The Child Welfare League of America (CWLA) and a coalition of child welfare advocates and experts have joined to issue "Recommended Practices to Promote the Safety and Well-Being of Lesbian, Gay, Bisexual, Transgender, and Questioning (LGBTQ) Youth and Youth at Risk of or Living with HIV in Child Welfare Settings." The recommended practices offer guidance to state and local child welfare agencies to ensure safe, appropriate care in the best interests of LGBTQ children in the child welfare system.

"We know that child welfare agencies across the country welcome resources to improve the well-being of abused and neglected children," says Administration for Children & Families Commissioner Bryan Samuels.  "We are pleased to have a coalition of child welfare experts provide practical examples of practices that every child welfare agency can use to better meet the needs of the LGBTQ youths in their care. I would have found this resource incredibly helpful when I was a child welfare agency director."

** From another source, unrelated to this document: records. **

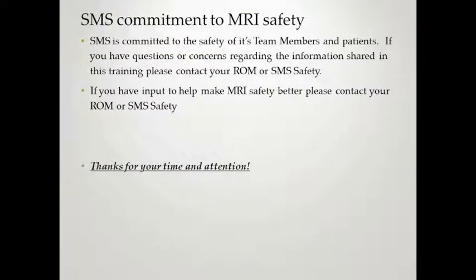This concludes the MRI Level 2 safety training. SMS is committed to the safety of its team members and patients. If you have questions or concerns regarding this training, or input to help make MRI safety better, please contact your ROM or SMS safety. Thank you for your time and attention, and for everything you do in the field — it means a lot to SMS and the patients we serve.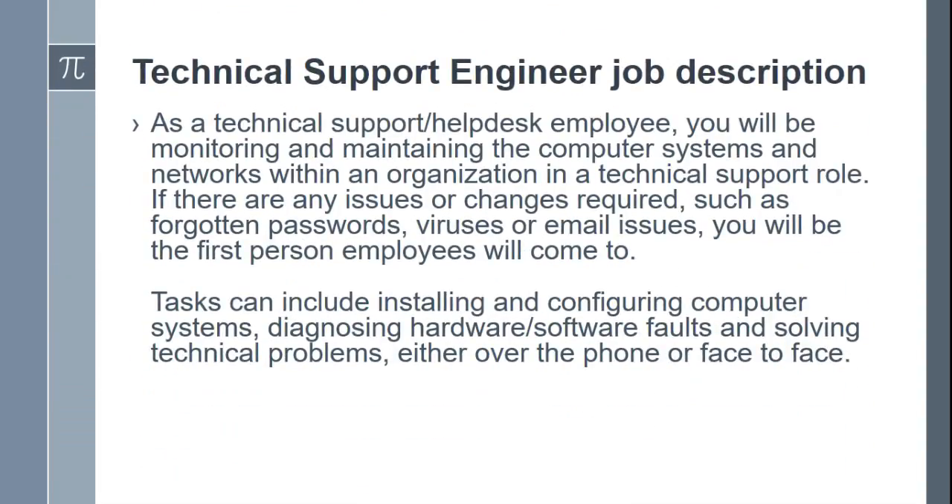Technical Support Engineer Job Description. As a technical support or help desk employee, you will be monitoring and maintaining the computer systems and networks within an organization in a technical support role. If there are any issues or changes required, such as forgotten passwords, viruses, or email issues, you will be the first person employees will come to.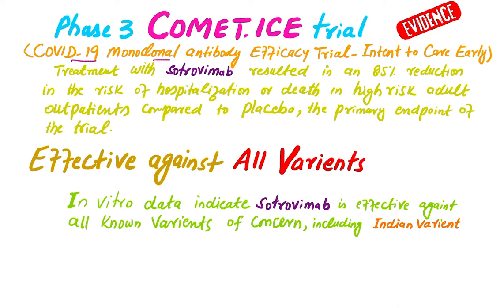According to the Phase 3 COMET-ICE trial — that is the COVID-19 Monoclonal Antibody Efficacy Trial — early treatment with Trovimap resulted in an 89% reduction in the risk of hospitalization or death in high-risk adult outpatients compared to placebo. This was the primary endpoint of the trial, making Trovimap approximately 85% effective in reducing hospitalization of COVID-19 patients.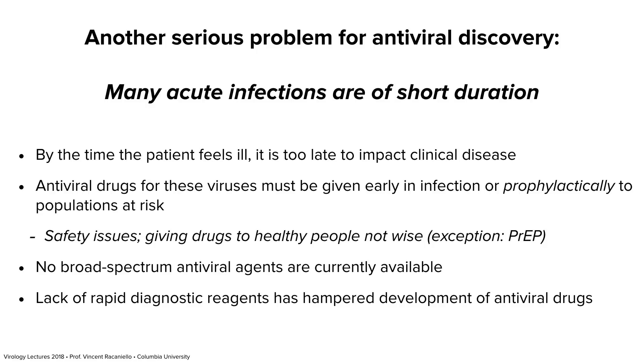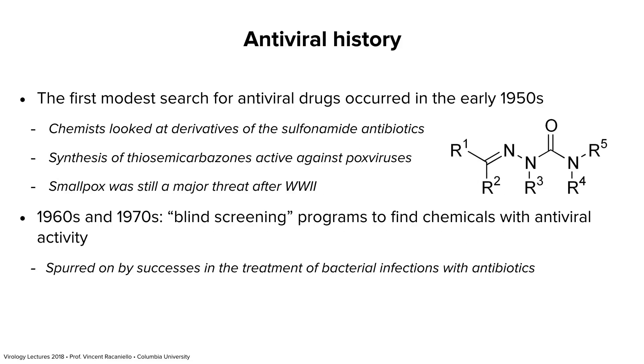You may ask why we don't just take anti-influenza drugs all winter. We do that for at-risk people for HIV — there's pre-exposure prophylaxis — but it's not a good idea to give healthy people drugs they don't need because all drugs have side effects. That's why most antivirals are against persistent infections. Someday, if we have at-home diagnostic tools that tell you every morning what you have and transmit a prescription, then we may get to the point where there are antivirals for acute infections.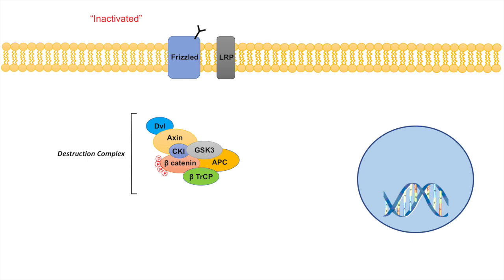This whole complex is known as the destruction complex. It's called the destruction complex because this complex of proteins leads to the phosphorylation, ubiquitination, and ultimately the proteasomal degradation of beta-catenin. Beta-TRCP is actually an E3 ubiquitin ligase, and the phosphorylation of beta-catenin signals beta-TRCP to ubiquitinate the beta-catenin. The ubiquitination of beta-catenin leads to proteasomal degradation, which keeps cellular levels of beta-catenin low.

LGBTQ young people in out-of-home care continue to be overrepresented and face a crisis of rejection, neglect, and discrimination.  The recommended practices build on previous research and standards developed during the last decade by child welfare, social work and civil rights experts. State child welfare agencies can use them to increase their knowledge of LGBTQ issues, influence their programmatic decisions and priorities, and set higher expectations and performance standards for the services provided to LGBTQ young people in care.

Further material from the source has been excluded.